Under Sec. 21 of Republic Act 9165 or Comprehensive Dangerous Drugs Act of 2002, immediately after seizure or surrender of illegal drugs, the suspected contraband shall be photographed and inventoried, which shall be witnessed and signed by the suspect or his lawyer or another person on his behalf and representatives from the Department of Justice, the media and an elected public official.

Who among the media? It’s not like the media collectively appoints a representative for the task. The law does not specify who from media is qualified to be a witness and from where: print, broadcast or digital; mainstream or social media; regular staff, contributor or block-timer; accredited or non-accredited.

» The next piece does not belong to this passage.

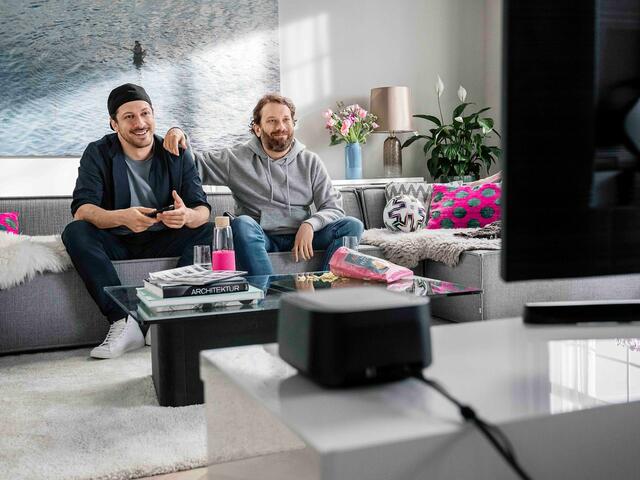 „Mehr EM geht nicht“. Fahri Yardim (l.) und Christian Ulmen freuen sich in der Telekom-Kampagne auf die UEFA EURO 2020 bei MagentaTV.
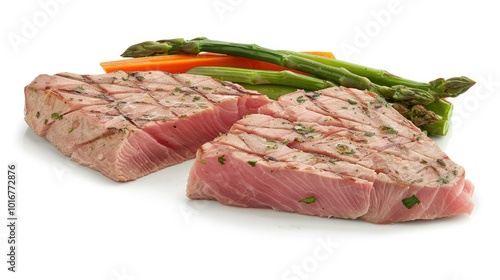 grilled tuna with asparagus and carrot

The penalty on drugs is stiff and the requirement of witnesses to the content and volume of the contraband may help enforce the law justly.

Absence of reps

What if the media person or any other representative required by the law were absent? The Supreme Court in the case of People vs. Sammy Umpang y Abdul (GR #190326 of April 25, 2012) said the absence of a witness or witnesses by itself does not invalidate the evidence.

The state needs only to show that it exerted efforts to get the witnesses and the lack of signatures on the inventory didn’t affect the “integrity” and “evidentiary value” of the confiscated items. Law enforcers who want to send the arrested persons to jail are diligent in securing the required witnesses.

Can’t be compelled

Which takes these questions up front:

• Can a media person be compelled to be a witness to the recording of the seizure or surrender of illegal drugs?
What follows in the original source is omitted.